Package 'vsezved'

Title: Get data on Czech schools from <https://stistko.uiv.cz/registr/> and <https://data.msmt.cz/>
Description: Get access to data on Czech schools: the register open data provided by the Ministry of Education at <https://data.msmt.cz/> and non-open web database at <http://stistko.uiv.cz/registr/> This is mostly organisatoinal data on primary and secondary schools.
Authors: Petr Bouchal [aut, cre]
Maintainer: Petr Bouchal <[email protected]>
License: MIT + file LICENSE
Version: 0.2.0
Built: 2024-09-10 05:25:26 UTC
Source: https://github.com/petrbouchal/vsezved

Help Index


Download Stistko Ciselnik

Description

Downloads the HTML page from the given URL.

Usage

vz_download_codelist(url, dest_dir = NULL)

Arguments

url

A character string representing the URL to download the HTML page from.

dest_dir

A character string specifying the destination directory. Defaults to tempdir().

Value

A character string containing the path to the downloaded HTML file.

Examples

vz_download_codelist("http://stistko.uiv.cz/katalog/ciselnik11x.asp?idc=BASO&aap=on")

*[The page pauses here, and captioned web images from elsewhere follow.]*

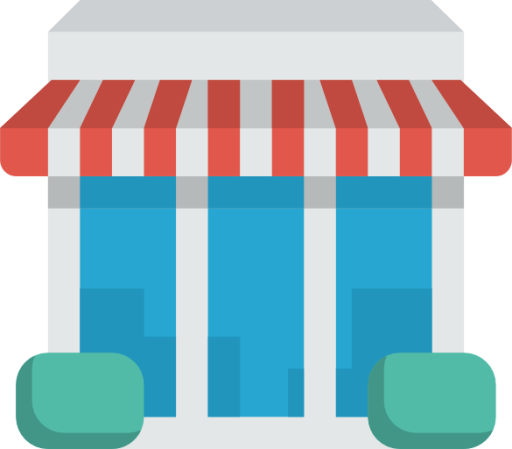 Luminous - Open Marketplace Icon (512x449)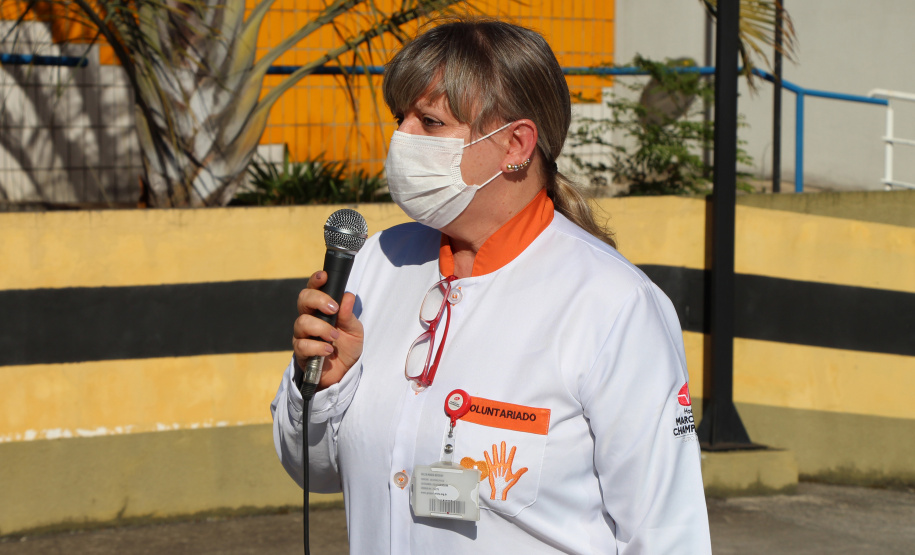 Banda de Música da PM faz homenagem para enfermeiros do Hospital da PM no Dia Internacional da Enfermagem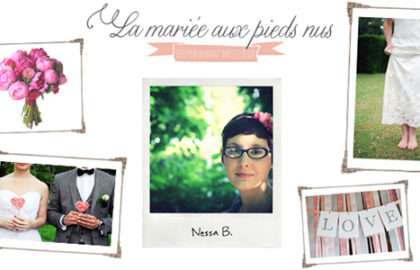 La mariée aux pieds nus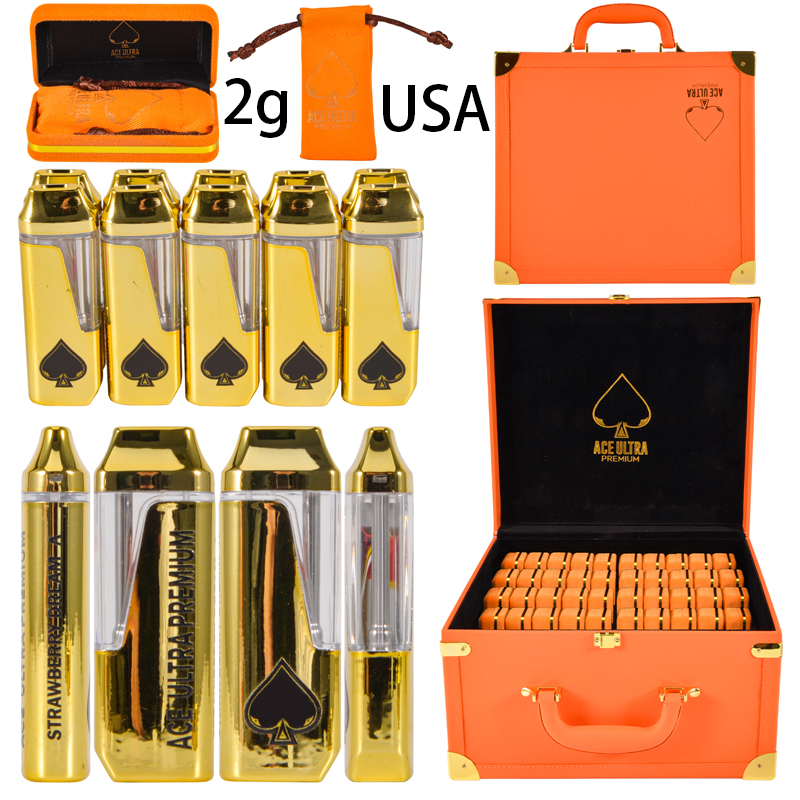 USA Stock Orange ACE Ultra Premium 500pcs/lot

Get Stistko Ciselnik (df from code)

Description

Reads and processes the HTML file of a Stistko ciselnik based on a code

Usage

vz_get_codelist(code, dest_dir = NULL)

Arguments

code

A character string representing the code of the codelist.

dest_dir

Where to save the downloaded file. Defaults to tempdir().

Value

A data frame containing the processed data from the ciselnik.

Examples

vz_get_codelist("BASO")

Get URL for Stistko Ciselnik

Description

Constructs the URL for the specified Stistko codelist code.

Usage

vz_get_codelist_url(code)

Arguments

code

A character string representing the ciselnik code.

Value

A character string containing the URL for the specified ciselnik code.

Examples

vz_get_codelist_url("BASO")

Get school directory

Description

[Experimental] This function performs a search on the school directory at uiv.cz and returns the resulting export - either the XLS file or the data, or both. The school directory is a version of the school register: unlike the core register, it contains contact information but lacks some other information (such as unique address identification.) Use vz_get_register() for the core register.

Usage

vz_get_directory(
  tables = c("addresses", "schools", "locations", "specialisations"),
  ...,
  return_tibbles = FALSE,
  write_files = TRUE,
  dest_dir = getwd()
)

Arguments

tables

a character vector of tables to retrieve. See ** Tables** below.

...

key-value pairs of search fields. Use vz_get_search_fields() to see a list of fields and their potential values.

return_tibbles

Whether to return the data (if TRUE) or only download the files (if FALSE).

write_files

Whether to write the XLS files locally.

dest_dir

Directory in which to write XLS files. Defaults to working directory.

Value

A list of a tibbles if return_tibbles = TRUE, a single tibble if only one table name is passed tables, otherwise a character vector of paths to the downloaded *.xls files.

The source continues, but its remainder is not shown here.